Tout est signe également dans la représentation de ces têtes-trophées peintes sur les vases, brodées sur les vêtements, inscrites également à l’intérieur de certains glyphes, comme celui de l’orque. Les Nazcas pratiquaient en effet les sacrifices humains en offrant aux dieux des têtes de jeunes victimes. Les études isotopiques montrent que ces individus étaient issus des mêmes groupes locaux et ne faisant donc pas partie de peuples étrangers ou ennemis Mais il est toujours difficile d’interpréter ce type de sacrifice humain, ce que d’ailleurs ce reportage avant tout archéologique ne fait pas.

Tout est signe enfin dans cette volonté de déformer les crânes en leur donnant les formes les plus variées. Apparemment, tous les Nazcas pratiquaient ce genre de rituel, consistant par compression à donner aux individus dès leur plus jeune âge une forme de crâne particulière. Peut-être était-ce un moyen de distinguer les familles, les clans les uns des autres.

Une société théocratique déstabilisée par les effets des perturbations climatiques

Vers 400 de n.e., le sanctuaire monumental de Caouachi semble en voie d’abandon après 600 ans de fréquentation. C’est aussi autour de cette période que l’on remarque une multiplication des glyphes, mais surtout de formes géométriques, trapèzes ou simples lignes coupant le plus souvent les glyphes plus anciens aux formes figuratives. On peut interpréter ces indices en les recoupant avec des indices d’un changement climatique important. D’après les études géologiques, les phénomènes extrêmes se multiplient, inondations ou sécheresse catastrophiques dans un contexte global d’aridification du climat.

Dans cette société de type théocratique, les prêtres sont censés être les intermédiaires entre les mondes divin et terrestre, mais la multiplication des crises a probablement affaibli considérablement le pouvoir de ces élites sacerdotales et l’importance par la même du sanctuaire de Caouachi. Ce qui expliquerait aussi probablement l’abandon des anciens glyphes recouverts par des nouveaux, comme si le dialogue avec les dieux demandait d’autres canaux de communication.

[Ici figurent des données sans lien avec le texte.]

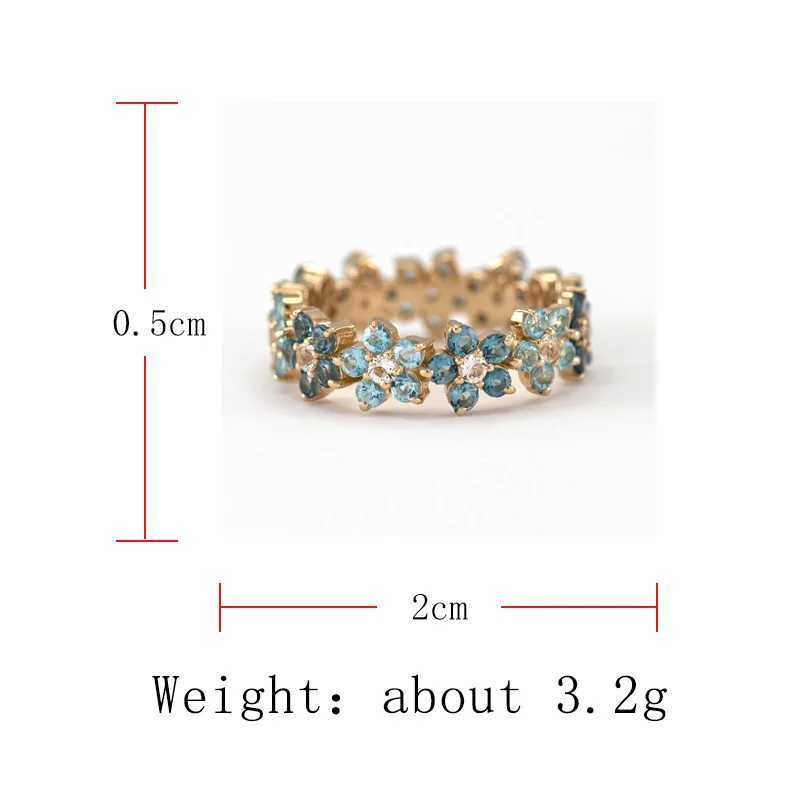 Milangirl Elegant and Exquisite Blue Zircon Plum Blossom Infinite Flower Ring Womens Wedding Ring JewelryXJ250412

La dernière génération de glyphes suivrait, selon certains archéologues, la position des nappes phréatiques et conduirait symboliquement vers les fameux « puquios », ces aqueducs souterrains créés par les Nazcas pour pallier le manque d’eau.

 

Aqueduc nazca de Cantalloc

Loin des interprétations fantaisistes développées sur le mode « le mystère des… », le reportage fait une synthèse complète de l’état actuel de la recherche scientifique sur cette civilisation nazca. La fonction de ces glyphes, on le voit, a évolué au cours du temps, même si le lien avec le monde divin semble rester essentiel, ce qu’illustre d’ailleurs fort opportunément le beau titre de ce passionnant documentaire : « Nazcas, les lignes qui parlaient au ciel ».

 

 

 

Richard Andrieux, lycée Lacroix, Narbonne.